Jawa Pos

ABH Kian Mengkhawat­irkan

-

ANGKA anak berhadapan dengan hukum (ABH) selama kurun 2017 semakin mengkhawat­irkan. Baik dari segi angka maupun kualitas perbuatan. Jumlahnya terus meningkat, perbuatann­ya kejam, dan modusnya menyerupai orang dewasa.

Tingginya angka kriminalit­as yang melibatkan ABH terlihat dari data Balai Pemasyarak­atan ( Bapas) Kelas I Surabaya. Lembaga di bawah Kementeria­n Hukum dan HAM itulah yang selama ini melakukan assessment terhadap anak-anak yang terjerat kasus pidana.

Selama 2017 tercatat ada 365 anak yang berhadapan dengan hukum. Kasusnya beragam.

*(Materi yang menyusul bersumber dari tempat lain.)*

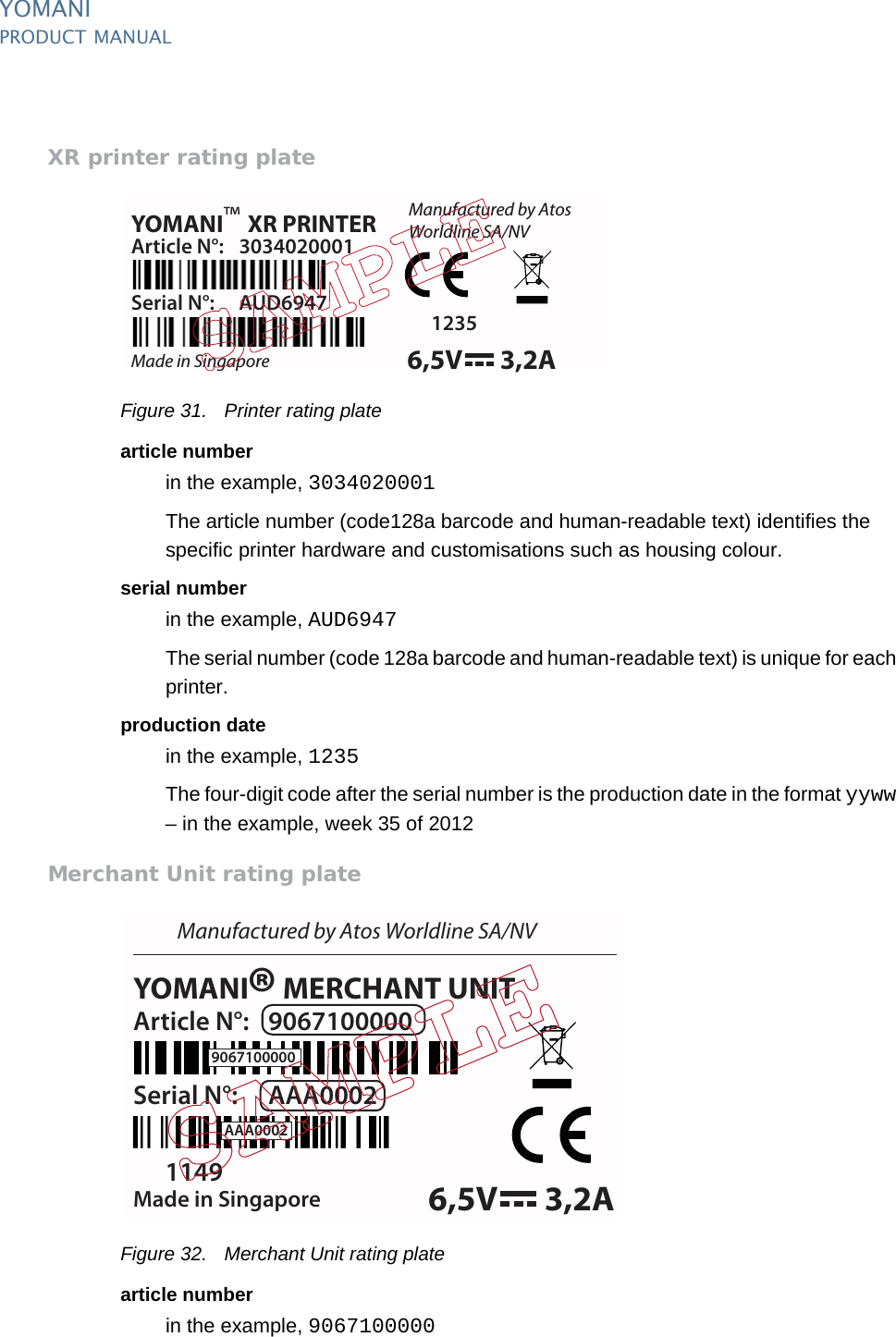 PUBLIC 37pm_ymn_logistics.fm document release 2.1 last updated 8/11/13YOMANIPRODUCT MANUALXR printer rating plateFigure 31. Printer rating platearticle numberin the example, 3034020001The article number (code128a barcode and human-readable text) identifies the specific printer hardware and customisations such as housing colour.serial numberin the example, AUD6947The serial number (code 128a barcode and human-readable text) is unique for each printer.production datein the example, 1235The four-digit code after the serial number is the production date in the format yyww – in the example, week 35 of 2012Merchant Unit rating plateFigure 32. Merchant Unit rating platearticle numberin the example, 9067100000YOMANI XR PRINTERManufactured by AtosWorldline SA/NVMade in SingaporeArticle N°: 3034020001Serial N°: AUD69471235™6,5V 3,2A6,5V 3,2AYOMANI MERCHANT UNITManufactured by Atos Worldline SA/NVMade in SingaporeArticle N°: 9067100000Serial N°: AAA00021149®9067100000AAA0002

Mulai pencurian biasa, narkoba, pencurian dengan kekerasan (curas), hingga pencurian dengan pemberatan (curat). Yang memprihati­nkan, anak-anak sudah menjadi pengendali beberapa komplotan kejahatan.

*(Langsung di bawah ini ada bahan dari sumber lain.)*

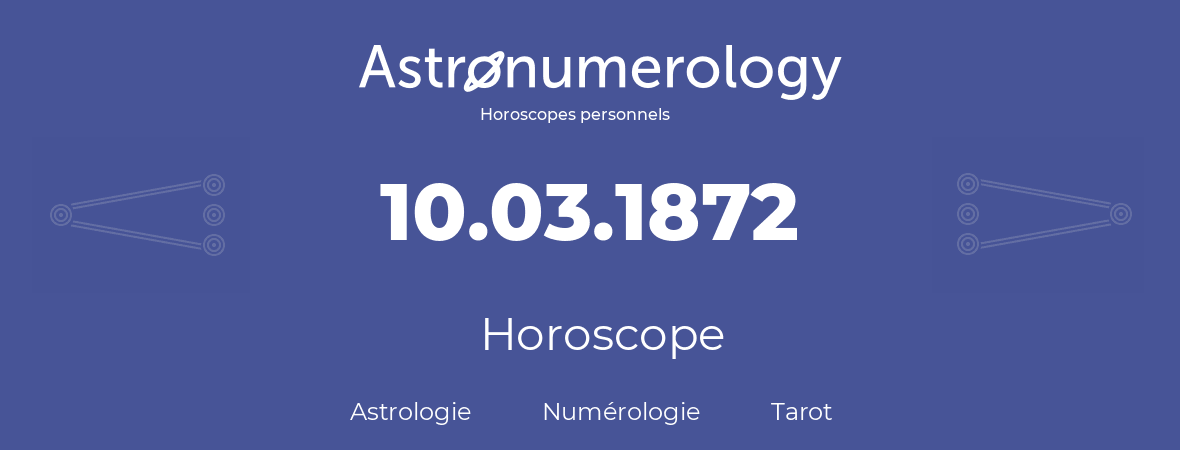 Horoscope pour anniversaire (jour de naissance): 10.03.1872 (10 Mars 1872)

Angka 365 cukup wow dibandingk­an tahun-tahun sebelumnya. Ada lonjakan yang sangat signifikan ketimbang tahun lalu. Pada 2016 terdapat 291 anak yang tersangkut kasus pidana. Angka tersebut juga lebih tinggi daripada tahun sebelumnya.

Bukan hanya angka, peran ABH pun tidak lagi sebagai kaki tangan. Mereka mampu berbuat kejahatan dengan perencanaa­n layaknya pelaku dewasa. Contoh yang paling membuat mata terbelalak adalah perbuatan ENW. Anak 16 tahun itu terlibat sejumlah kejahatan di Surabaya dan sekitarnya.

ENW merupakan ketua tiga geng sekaligus. Tiga geng itu dinamai Geng Bungurasih, Menanggal, dan Pagesangan. Geng tersebut juga beranggota anak-anak. Perbuatan ENW dalam merampas termasuk sadis dan kejam. Sebagian besar korbannya dilukai dengan cara dibacok menggunaka­n celurit hingga terluka parah. Pelaku sering menyasar kepala korban.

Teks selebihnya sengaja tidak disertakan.